The Transport Bill, currently being discussed in the Scottish Parliament, will give local authorities the powers to create, enforce, operate or revoke an LEZ in their area and to design the shape, size and vehicle scope of individual LEZs.
Why is a low emission zone being set up?
The Scottish Government is requiring Edinburgh, along with Glasgow, Aberdeen and Dundee, to set up a LEZ by the end of 2020 - when the Transport Bill is set to be written into law.
Low emission zones can help improve air quality and reduce congestion by removing the most polluting vehicles from roads.
Is there a need to improve air quality?
As well as being one of several measures to try and reduce the amount of traffic in Edinburgh, a LEZ could have major health benefits for residents and visitors.
Around 80 per cent of nitrogen oxide concentrations are directly linked to traffic emissions. Air pollution is believed to cause around 200 early deaths each year in Edinburgh.
What is being proposed?
The council is proposing two LEZs - one for the entire city and another for the city centre. The city centre LEZ proposals, which exclude Queen Street, Holyrood Road, Melville Drive and Haymarket, would lead to all vehicles that don’t meet emission standards facing hefty fines for entering the zone. But as the plans stand, cars will have until 2024 and possibly 2025 to meet standards – while buses and commercial vehicles will need to be upgraded by 2021.
A citywide LEZ, which under draft proposals does not include cars at all, will give buses and commercial vehicles until 2023 to comply with before being fined.
In order to qualify for the LEZ, cars will have to meet Euro 4 standards (vehicles sold after January 2006), diesel cars will need to meet Euro standards (vehicles sold after September 2015) - while heavy diesel vehicles will need to meet Euro 6/VI emission standards (generally those registered with the DVLA after 2014).
What if my car doesn't meet the standards?
Vehicles that fail to meet the emissions standards are set to face hefty financial penalties, enforced by licence plate recognition cameras.
There will be different levels of fines, depending on the class of vehicle and whether drivers are repeat offenders. The penalties are expected to be set at a high level in order to deter non-compliance.

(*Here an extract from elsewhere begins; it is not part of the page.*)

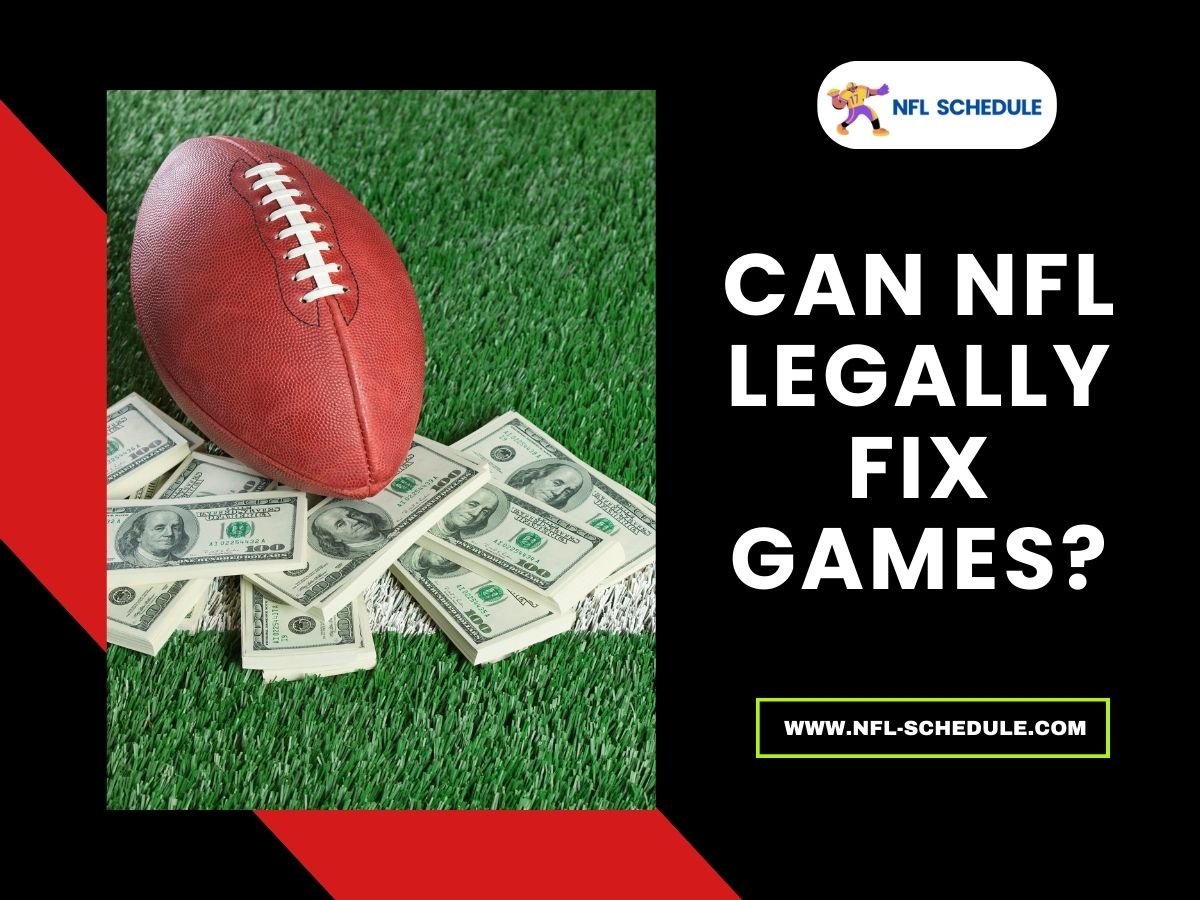 can nfl legally fix games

The Edinburgh draft proposals for LEZs is for the zones to be in operation 24 hours a day.
What happens next?
The city council's public consultation on the draft proposals will close on Sunday 21 July. The results will be reported to councillors on the transport and environment committee in October.
The proposed final scheme will then be published in December. Once the Transport Bill and details around enforcement and legality are drawn up by Holyrood next year, the LEZ will come into force by the end of 2020 - although proposed grace periods will mean it won't become operational until 2021.